Version 4 (à partir de 2027)
Encore en conception, le Bloc 4 atteindra environ 150 mètres de haut pour une masse totale de 7 500 tonnes. Il sera équipé de neuf moteurs Raptor sur le deuxième étage et de versions améliorées sur le booster. Objectif : plus de 200 tonnes de charge utile en orbite basse, tout en restant entièrement réutilisable.
Premier étage : Super Heavy
Le Super Heavy est le cœur du système Starship. Haut de 71 mètres, il contient environ 3 600 tonnes d’ergols pour une masse à vide estimée entre 160 et 200 tonnes. Sa structure en acier inoxydable 304L (4 mm d’épaisseur) résiste aux températures cryogéniques et aux contraintes mécaniques extrêmes. La propulsion repose sur 33 moteurs Raptor, disposés en trois cercles : 20 moteurs fixes sur la couronne externe, 10 moteurs orientables électriquement sur la couronne intermédiaire, et 3 moteurs centraux orientables pour les phases de retour et d’atterrissage.

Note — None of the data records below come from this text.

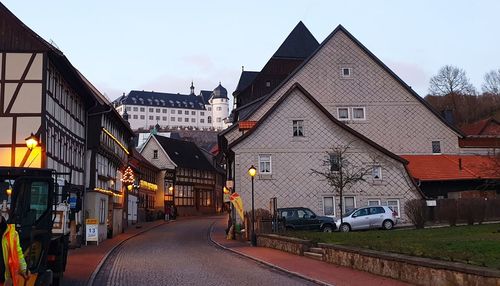 Road amidst buildings against sky in city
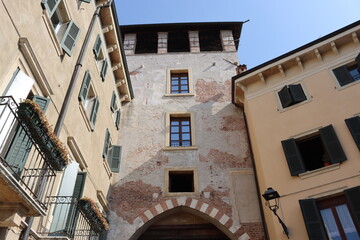 Verona, Italy-March 19, 2022: Beautifull old buildings of Verona. Typical architecture of the medieval period. Aerial view to the city with blue sky in the background.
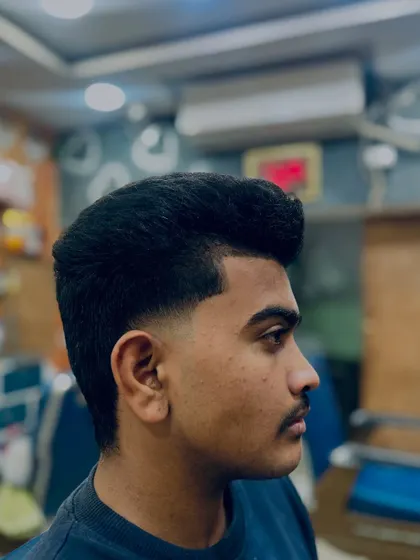 A classic taper fade that is clean and timeless. This haircut gradually gets shorter down the sides and back for a subtle, polished finish.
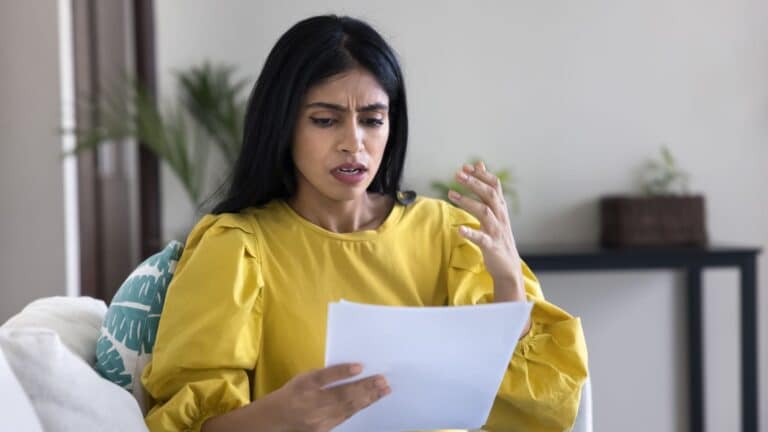 Woman looking upset as she looks at a bill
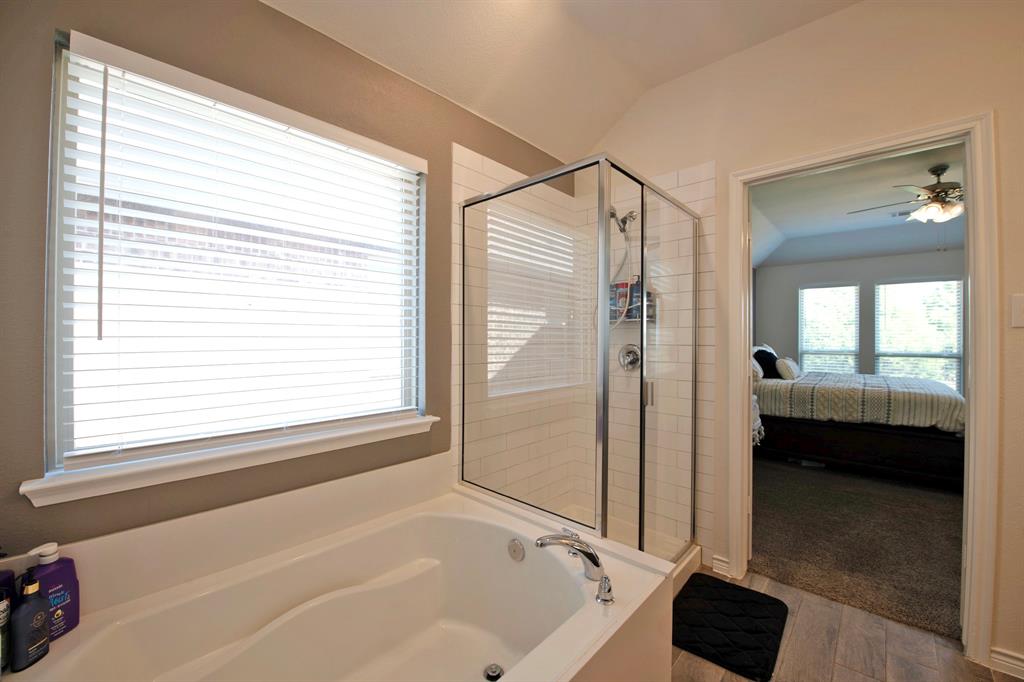 3970 Sidney Lane Forney, TX 75126 - Photo 15 of 25 a bathroom with a bathtub and a shower
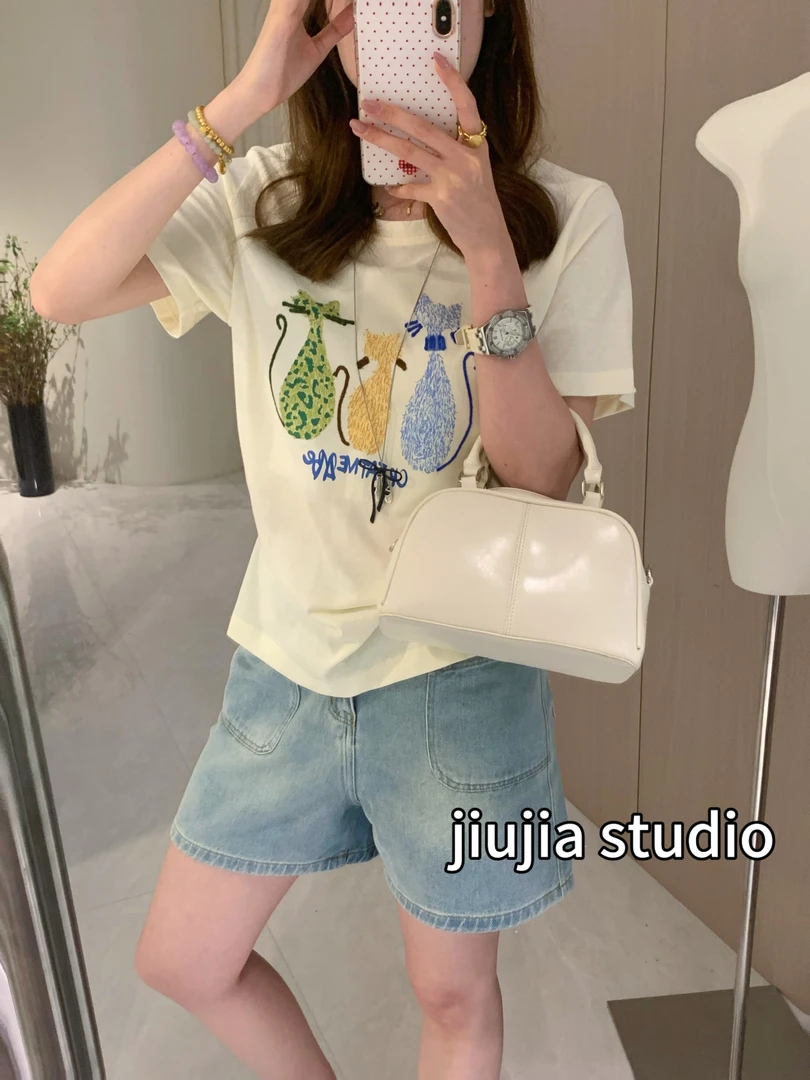 九佳 【时光日记】云感雪花肤感宽松搞怪猫咪印花T 显瘦短袖T恤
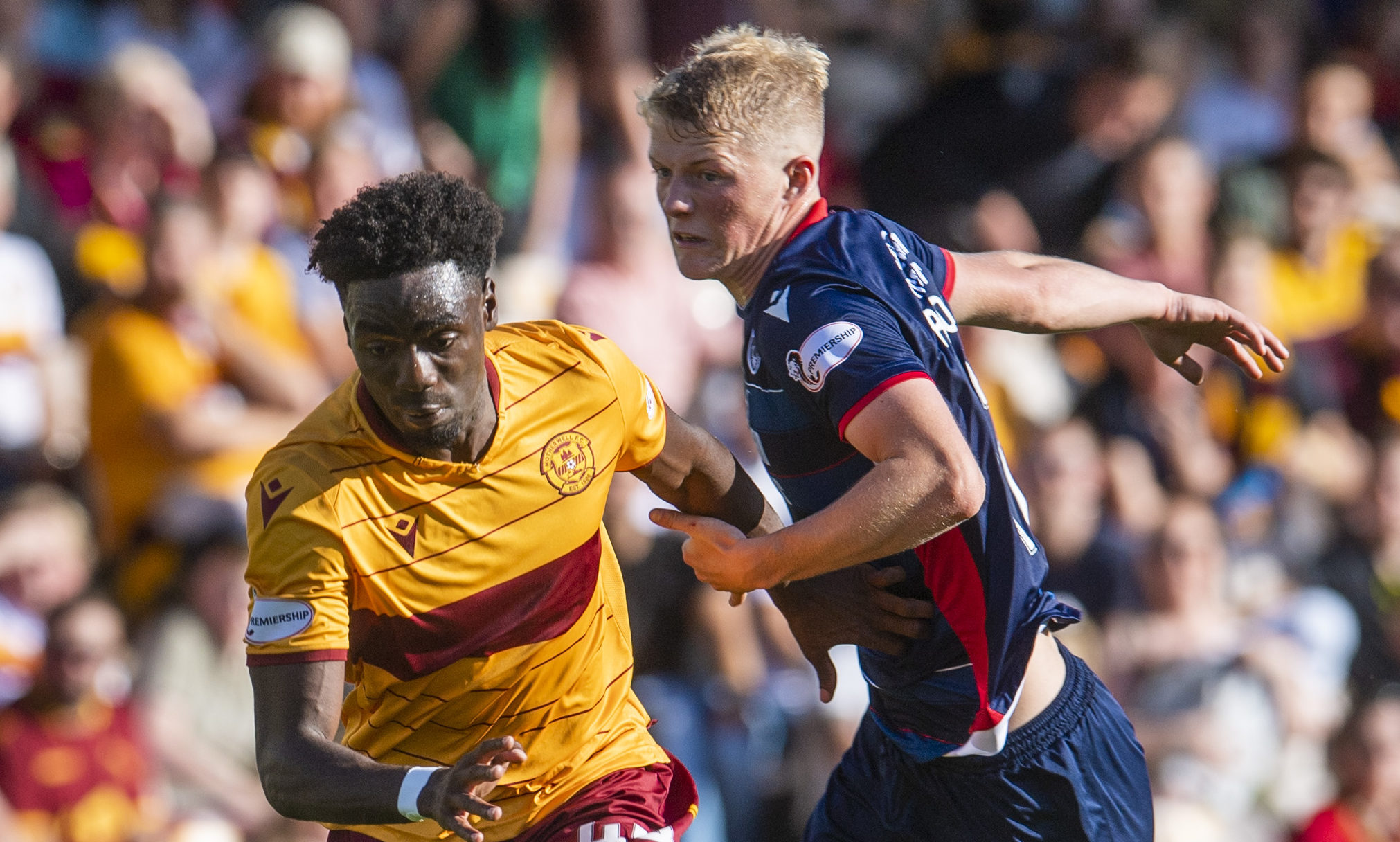 Motherwell's Devante Cole in action with Ross County's Tom Grivosti during the Ladbrokes Premiership match between Motherwell and Ross County at Fir Park.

Ces moteurs développent une poussée combinée de 7 750 tonnes, soit plus du double de la Saturn V. Le Super Heavy utilise des propulseurs à gaz froid pour le contrôle d’attitude, ainsi que des réservoirs auxiliaires pressurisés pour les redémarrages en microgravité. La récupération du booster se fait grâce aux bras mécaniques de la tour Mechazilla, qui le capturent en vol pour le replacer directement sur la table de lancement. Ce système supprime le besoin d’un train d’atterrissage, réduisant ainsi la masse et les coûts.
Anneau inter-étages
L’anneau inter-étages, d’environ deux mètres de haut, relie les deux étages et permet la séparation à chaud. Il est doté de perforations pour évacuer les gaz du deuxième étage et d’un bouclier thermique protégeant le réservoir supérieur du booster. Initialement largué lors des premiers vols, il restera à terme solidaire du premier étage afin d’assurer une réutilisation totale.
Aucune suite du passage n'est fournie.